When Nintendo launched the Wii U console last year, many lamented that for all the Zombi-killing and Nintendo Land adventuring on offer, the console lacked one game able to explain the new second-screen Gamepad controller and HD features as succinctly and compellingly as Wii Sports did for the previous generation.

And while it's slightly odd to realise it, looking back, that classic collection of simple motion gaming titles really was a landmark achievement.

Not because the graphics were great - they weren't, even at the time. But just because they were so damn playable. These childlike versions of Tennis, Bowling, Golf et al managed to appeal to both kids and old folks, and hardcore gamers in between, and re-introduce gaming to an audience who had ignored it for years. For many people they were the Wii. Infamously, and possibly apocryphally, some Wii users barely bothered to buy any other games for the console.

So when Nintendo announced that Wii Sports was coming back in a new wrapper for the Wii U - complete with HD graphics and new features, as well as a low-cost pricing structure - it was hard not to be both excited, and a bit depressed, at once. Excited because any chance to play these games again is very welcome - but depressed because no motion game, on Wii, Wii U or any other platform, has ever matched the original.

That aside, it's clear that in most fundamental ways the new game is just as fun and appealing as the old version. The visual upgrades are welcome - though to be honest, save for the addition of legs on your tennis players and bowlers not that obvious, given the simple art style. And the new ability to play online against your friends and random, global opponents is also straightforwardly implemented, and a natural extension of the original.
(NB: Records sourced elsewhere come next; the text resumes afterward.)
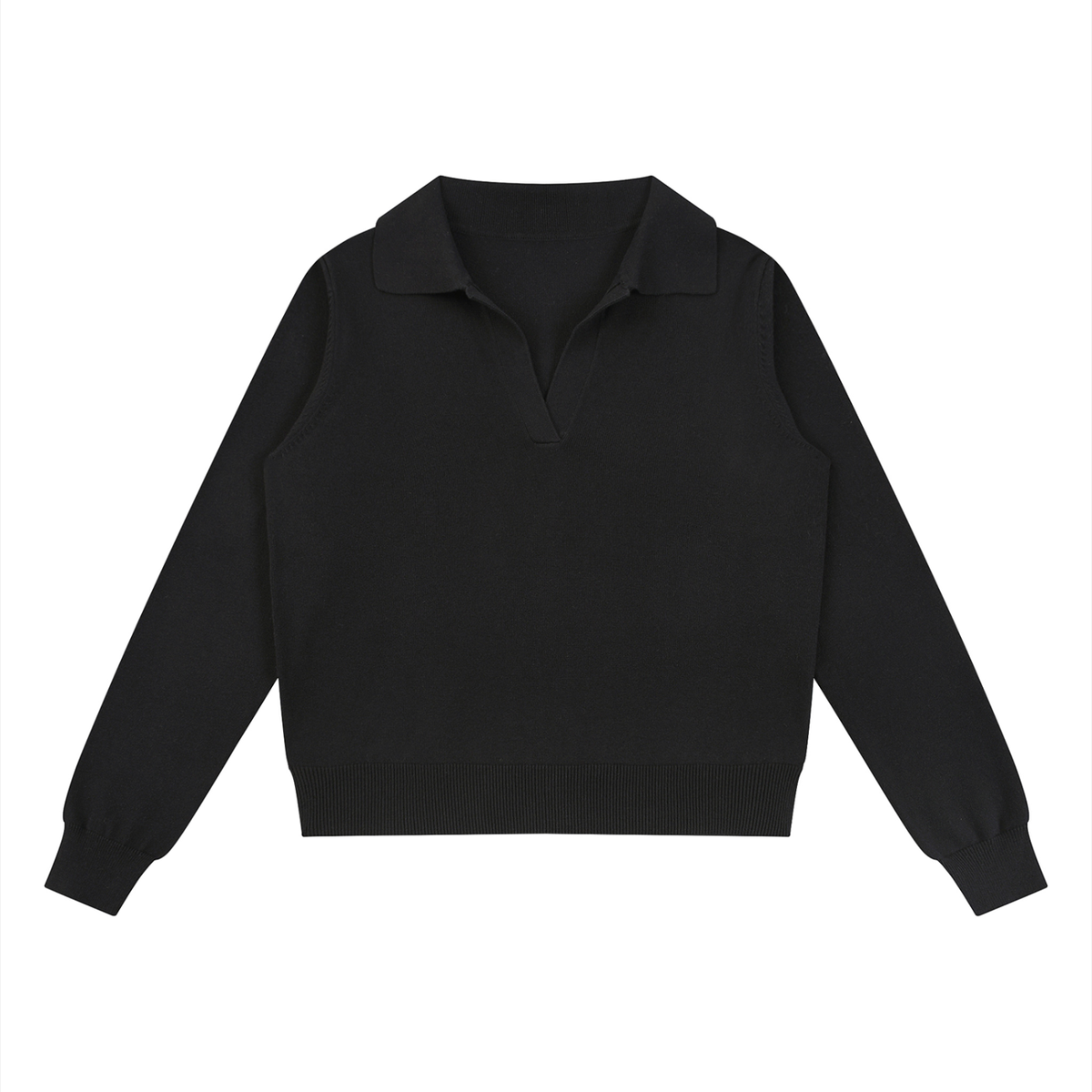 Women's Collared Pullover Knit Sweater in black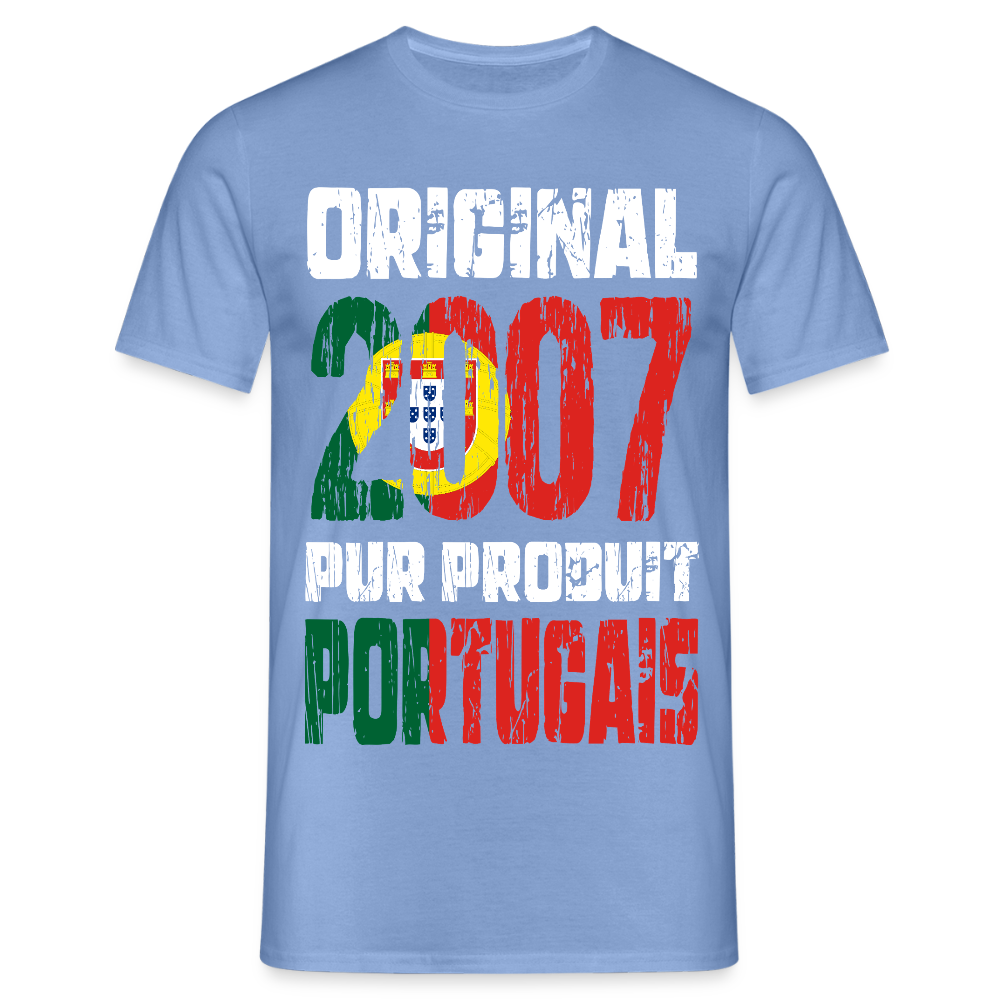 T-shirt Homme - Anniversaire 18 Ans - Original 2007 - Pur produit Portugais - carolina blue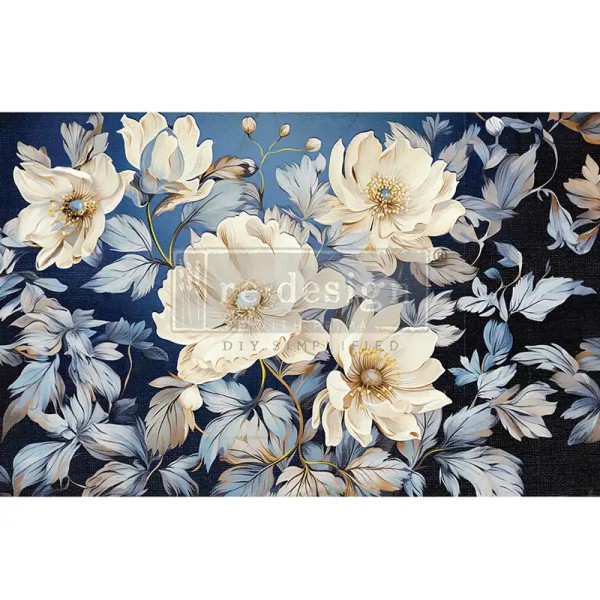 Decoupage Tissue Papier Cerulean Blooms I - 49,53x76,20 cm von ReDesign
But the core of the game is still the swing-your-Wiimote, no tutorial required gameplay. And it's still really, really fun. Yes, it takes more to excel at Tennis and Bowling now - you can't just swing and hope, you have to aim your racquet - but there are some included mini-games to help you on your way, and it's still founded in the same broad strokes style as the original.

Helpfully the new title is available both as individual sports (£8.99 each) and as a day pass - meaning you can pay just £1.70 and play it with the whole family for 24 hours. It's a neat idea since the game is still way more fun with your friends and loved ones in the room with you - avoiding your enthusiastic swings, or not - and we can see a lot of people taking up the offer this Christmas.

In essence this isn't a particularly remarkable release, and it could use more sports (which are coming) - but it's a sensible one for Nintendo, and buried within are the cores of two great sports games which might be shallow, but which linger in the warm glow of gamers more concretely than a dozen FIFA sequels and hardcore sims could ever hope to do.